6.1.3.4. Intellectual property rights
  • Intellectual property rights are currently preventing full exploitation of synthetic generation and the reverse genetics of influenza viruses. Making reverse genetics accessible under more favourable financial terms would be welcome.

  • Although intellectual property rights are important for encouraging innovation, they can also hamper technology transfer to low and middle-income country manufacturers.

6.1.3.5. Other factors
  • Maintaining commitments towards influenza research despite the frustration of recent years.

  • Maintaining stakeholder collaboration.

6.2. Cross-cutting issues

Respondents were asked to rate the importance of steps to ensure timely availability of sufficient pandemic influenza vaccines. On average, three factors stood out as priorities, as shown in Fig. 7: promoting research and development of better vaccines; a decision-making mechanism for switching from seasonal to pandemic production; and promoting research and development of a universal influenza vaccine. Addressing vaccine hesitancy and generating more studies on disease burden and vaccine effectiveness were considered relatively unimportant in the event of a pandemic.

Fig. 7.

Fig. 7

Priorities for ensuring timely vaccine availability in the event of a pandemic: average score (Very important = 1, Somewhat important = 0, Not important = −1).

7. Limitations

The low participation of lower middle and low income country stakeholders is a limitation to the analysis, in particular the few African respondents, and the fact that the supply side (industry and research) was relatively well represented in relation to those representing the users of vaccine. Only 4 percent of respondents were from Africa, 12 percent from South East Asia, 17 percent from the Western Pacific and 7 percent from the Eastern Mediterranean, for a total of 40%. The European region and the region of the Americas counted for the majority of respondents (60%). Future surveys should place a stronger emphasis on recruiting participants from lower middle and low income countries.

The number of survey respondents is too low to permit informative statistical analysis of the results. However, this is not considered to be a major shortcoming since the results of this survey were used for descriptive, not inferential, purposes, rather than to demonstrate statistical significance. Therefore, the number of respondents is deemed sufficient for the purposes of gauging key GAP stakeholders’ opinions and contribute to the final GAP consultation in November.

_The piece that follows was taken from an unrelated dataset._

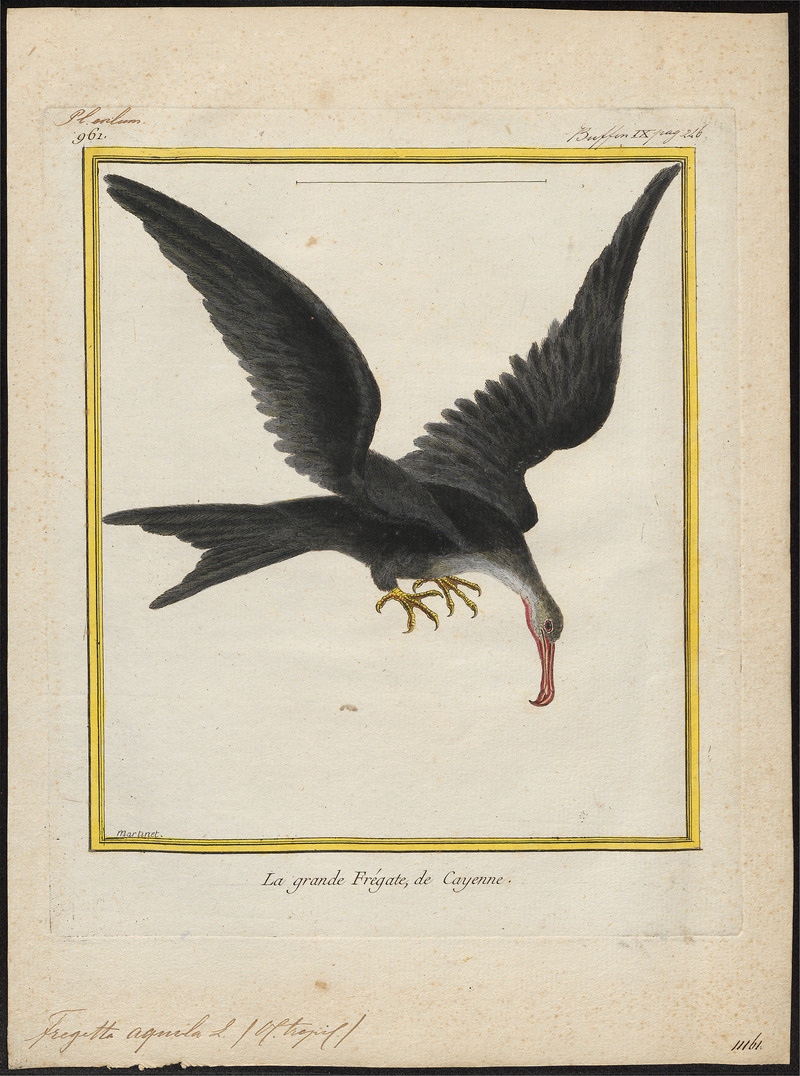 Atagen aquilus - 1700-1880 - Print - Iconographia Zoologica - Special Collections University of Amsterdam - UBA01 IZ18000183.jpg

Furthermore, the survey was only available in the English language, and in an-online, written format. Potential respondents from other languages or who do not have good access to the internet may have been deterred, though the majority of stakeholders targeted are expected to have had adequate internet connectivity and knowledge of English.

8. Conclusion

Full analysis of the perceptions obtained from this survey will feed into discussions at the GAP consultation in November 2016, where stakeholders will consider how funding and momentum for ongoing projects in countries might be affected by the GAP’s closure. Discussions will build on the findings that there is strong agreement on the relevance of the goal agreed at the GAP II consultation; and that relatively little global progress is perceived to have been made under GAP objective 3. Discussions will be informed by a better understanding of stakeholder priorities, the successes and challenges the GAP has faced, and barriers to future progress.

Conflict of interest

The authors state they have no conflict of interest.

Acknowledgements

WHO appreciates the insightful perspectives received from all the participants to the survey, their time and commitment during this process. WHO also acknowledges the support received from Cambridge Economic Policy Associates (CEPA) during the preparation of the survey questionnaire and their subsequent analysis of the responses.